Though he has published more than one hundred books (of poetry translations, literary editions, and criticism), Yankee Doric is Raffel’s first published novel. “It is an ambitious work,” says its editor, Tita French Baumlin, “whose main characters embody a definitively American heroism, one embracing duty over love and self-sacrifice in the face of crisis. Chronicling the lives of the Bingham family and set in New York, Virginia, and Paris, the novel’s expansive world makes Yankee Doric an American epic in prose.” The novel’s “finely honed style,” Baumlin adds, “invokes the ‘plain style’ of the age’s Federalist aesthetic, as symbolized by the classical Doric order of architecture.”

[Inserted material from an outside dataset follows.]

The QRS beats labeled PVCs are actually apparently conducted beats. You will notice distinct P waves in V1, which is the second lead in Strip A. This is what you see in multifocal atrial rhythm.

Currently retired from teaching at the University of Louisiana, Lafayette, Raffel has poured a lifetime of literary artistry and historical scholarship into its writing. Yankee Doric reminds readers what brought Americans to take up arms against each other. As Raffel describes it, “my aim was to characterize the actual run-up to a giant historic event, still perhaps the largest ever. I have tried to make my characters, North and South, both historically absolutely real and at the same time of fictive interest. I wanted the people of my time to understand not all the arguments, pro and con, about the Civil War, but how it felt to be feeling them in real time.”

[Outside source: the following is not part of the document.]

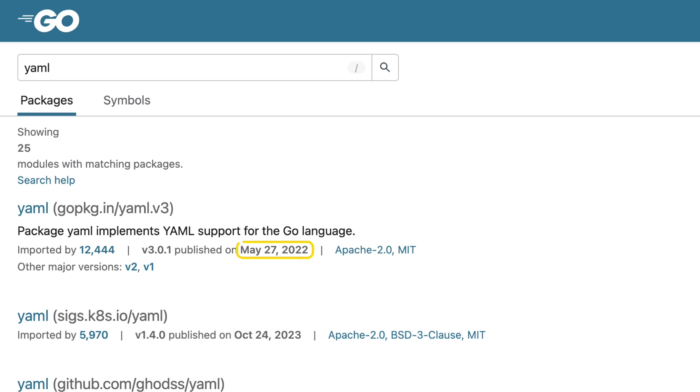I can see the latest publish date and the number of packages that import it, which is handy, kind of like knowing how many people cite a research paper.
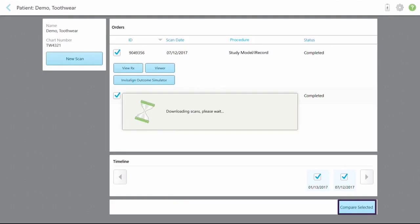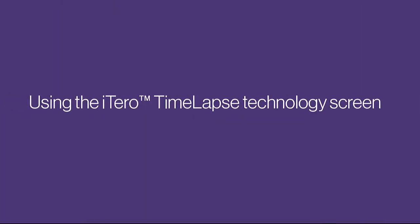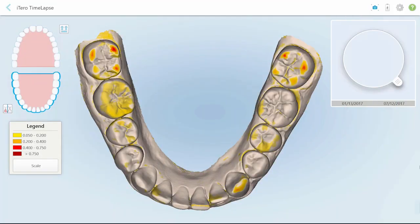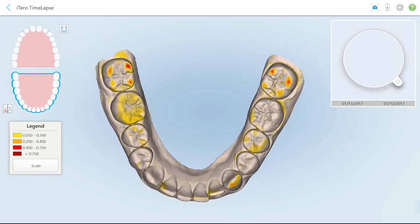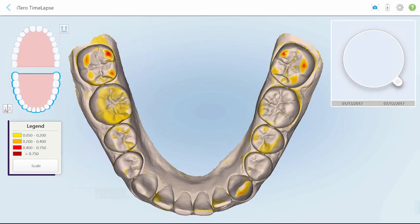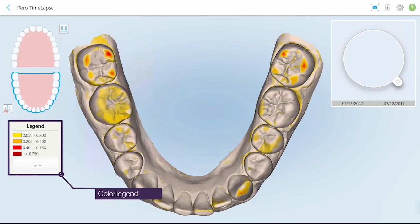Finally, tap the Compare Selected button. A 3D superimposed model of the patient scans will appear in the center of the iTero time-lapse screen, with colors highlighting the differences between the two scans.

On this latter point, Raffel explains: “Human time means feeling the pressures and also the vacancies of a particular era, in particular places, and in the particular human beings who, to my mind, best represent how it happened that a sprawling, modest, relatively honest young republic fought itself into the driving behemoth that the U.S. has become, in our post-Civil War existence. The U.S. after the Civil War was immediately, and well-recognized, to have experienced a drastic and unchangeable new existence. I take no stance in this novel. My purpose is to re-experience our at first slow, then faster and faster fall into Civil War.”
A Louisiana resident since 1989, Raffel was born and raised in New York City. He is in a unique position, thus, to depict both North and South. And readers are carried across the Atlantic, as well. As Raffel describes them, the many travel scenes “show not simply how Americans experienced foreign ways, but also how different the rest of the world then was (and still is) from our land and its social structures. I intended the death of Jonathan’s father, in horrible areas of the Middle East, to highlight the range of those differing social structures. Americans don't live only on our prosperous native lands, nor can we opt ourselves away from those other regions and their very, very different ways.”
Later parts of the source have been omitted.